The function of the PostProcess_Unpack operator is to divide the backbone network outputs, into max. 7 branches. The usage is as follows:

cus_options = [(b"x_offset",0,"int"), 
                (b"x_lengh",1,"int"), 
                (b"y_offset",1,"int"), 
                (b"y_lengh",1,"int"), 
                (b"w_offset",2,"int"), 
                (b"w_lengh",1,"int"), 
                (b"h_offset",3,"int"), 
                (b"h_lengh",1,"int"), 
                (b"confidence_offset",0,"int"), 
                (b"confidence_lengh",0,"int"), 
                (b"scores_offset",0,"int"), 
                (b"scores_lengh",0,"int"), 
                (b"max_score",0,"int")]

Please modify the second parameter of each line according to the network used. If any branch is not required, set the corresponding offset and lengh to 0.
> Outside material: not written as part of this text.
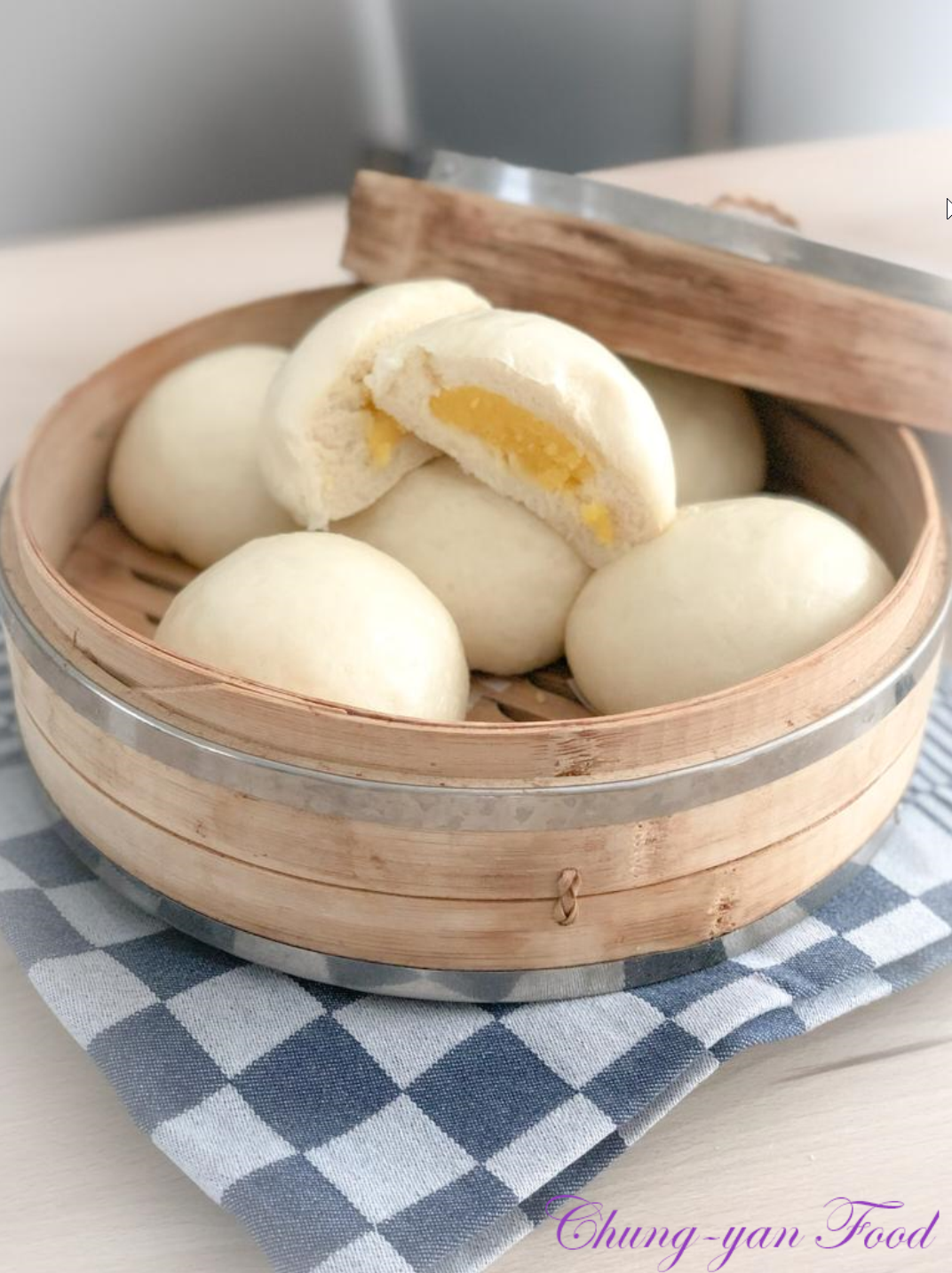 Brioches à la crème aux œufs (Laï Wong Bao)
x_offset: The x offset of the branched coordinates

x_lengh: Coordinate x length, generally 1

y_offset: The y offset of the branched coordinates

y_lengh: Coordinate y length, generally 1

w_offset: The w offset of the branched coordinates

w_lengh: Coordinate w length, generally 1

h_offset: The h offset of the branched coordinates

h_lengh: Coordinate h length, generally 1

confidence_offset: Branched confidence offset

confidence_lengh: Confidence length, generally 1

scores_offset: Branched scores offset

scores_lengh: Scores lenth, indicating the number of classifications for the network.

max_score: Generally 1

By using different parameter configurations, in combination with the BBox coordinate decoding module, the PostProcess_Unpack network post-processing can be implemented in different ways, by:

  1. Separating BBox coordinates:

  2. Separating BBox coordinates, confidence, scores, and max_score:

TFLite_Detection_NMS

The TFLite_Detection_NMS operator combines NMS operation into an operator in cooperation with the PostProcess_Unpack operator. Max. 7 inputs and 4 or 5 outputs are supported. The usage is as follows:

cus_options = [(b"input_coordinate_x1",1,"int"), 
                (b"input_coordinate_y1",0,"int"), 
                (b"input_coordinate_x2",3,"int"), 
                (b"input_coordinate_y2",2,"int"), 
                (b"input_class_idx",5,"int"), 
                (b"input_score_idx",4,"int"), 
                (b"input_confidence_idx",-1,"int"), 
                (b"input_facecoordinate_idx",-1,"int"), 
                (b"output_detection_boxes_idx",0,"int"), 
                (b"output_detection_classes_idx",1,"int"), 
                (b"output_detection_scores_idx",2,"int"), 
                (b"output_num_detection_idx",3,"int"), 
                (b"output_detection_boxes_index_idx",-1,"int"), 
                (b"nms",0,"float"), 
                (b"clip",0,"float"), 
                (b"max_detections",10,"int"), 
                (b"max_classes_per_detection",1,"int"), 
                (b"detections_per_class",1,"int"), 
                (b"num_classes",90,"int"), 
                (b"bmax_score",0,"int"), 
                (b"num_classes_with_background",1,"int"), 
                (b"nms_score_threshold",9.99999994e-09,"float"), 
                (b"nms_iou_threshold",0.600000024,"float")]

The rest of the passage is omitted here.